Try it: In the records below, find the line with "Why are metal roofs not more popular?", then copy each line exactly until you have copied the line with "2nd image of 3805 Mason Port Drive #95". Leave any picture out.
-- Data to use follows --
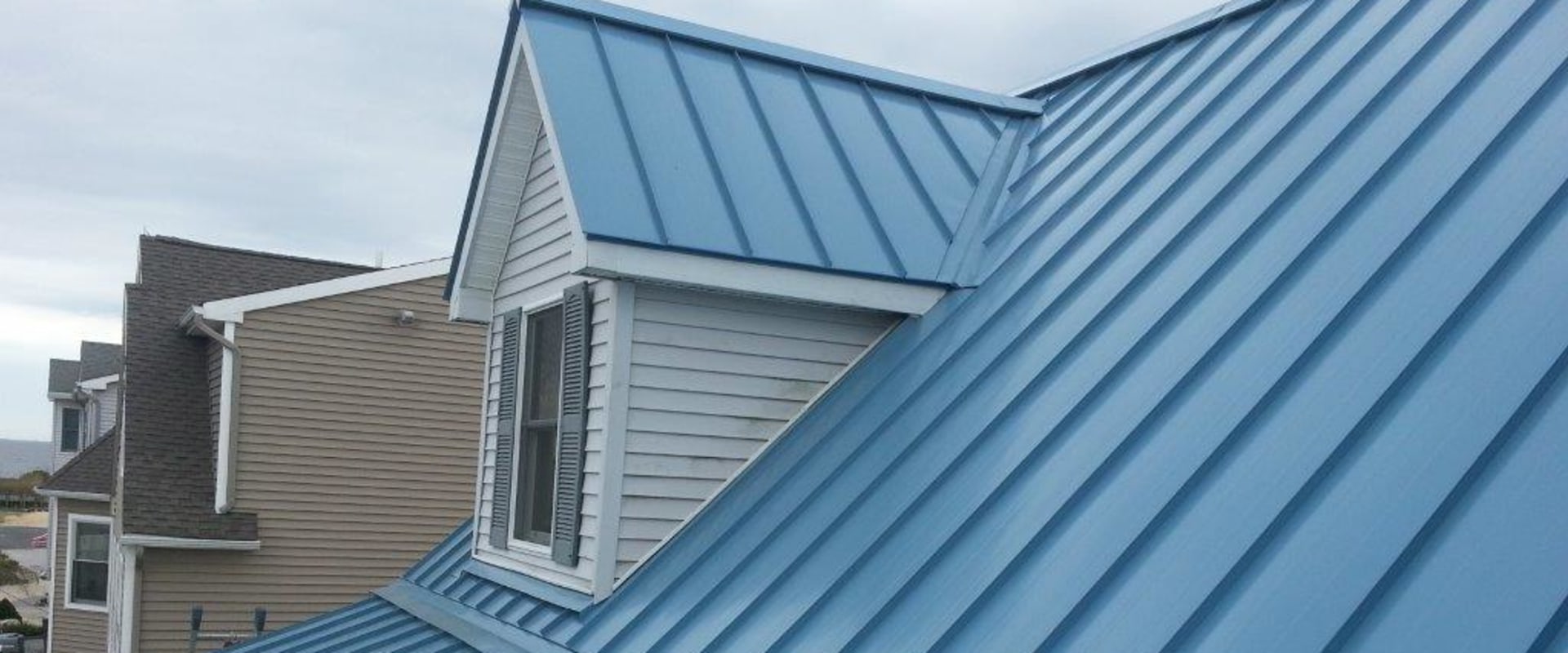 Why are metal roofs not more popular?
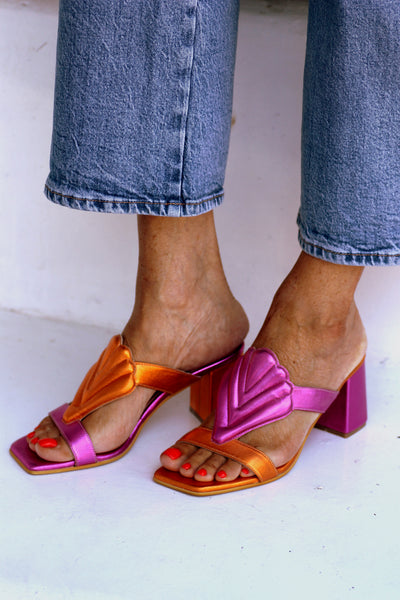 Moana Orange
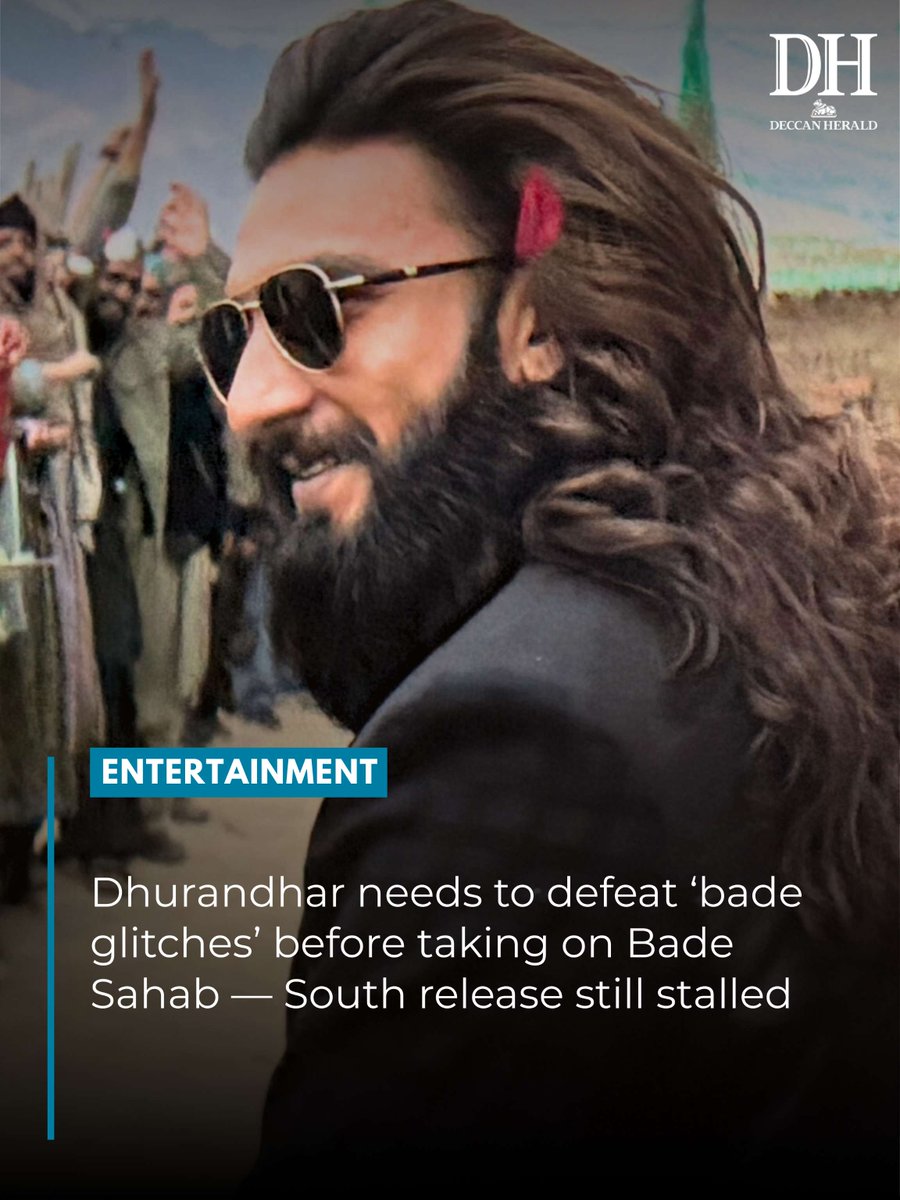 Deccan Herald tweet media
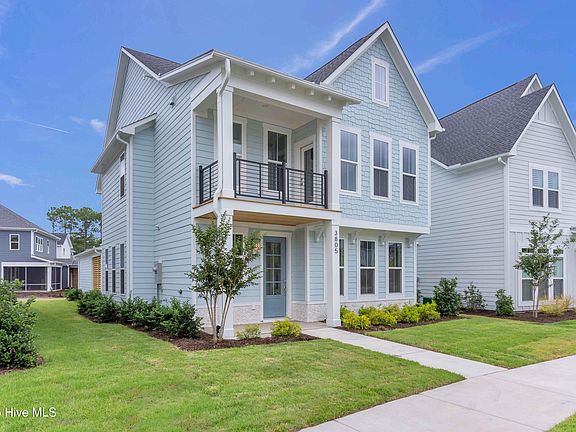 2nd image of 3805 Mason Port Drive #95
-- Data to use concluded --
-- Data to use follows --
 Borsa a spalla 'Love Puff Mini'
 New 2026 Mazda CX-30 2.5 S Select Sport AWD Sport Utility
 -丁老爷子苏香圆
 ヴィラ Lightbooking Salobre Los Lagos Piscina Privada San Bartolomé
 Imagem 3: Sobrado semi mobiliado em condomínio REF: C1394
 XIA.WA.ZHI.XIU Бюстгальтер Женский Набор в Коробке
-- Data to use concluded --
Written answer:
 Why are metal roofs not more popular?
 Moana Orange
 Deccan Herald tweet media
 2nd image of 3805 Mason Port Drive #95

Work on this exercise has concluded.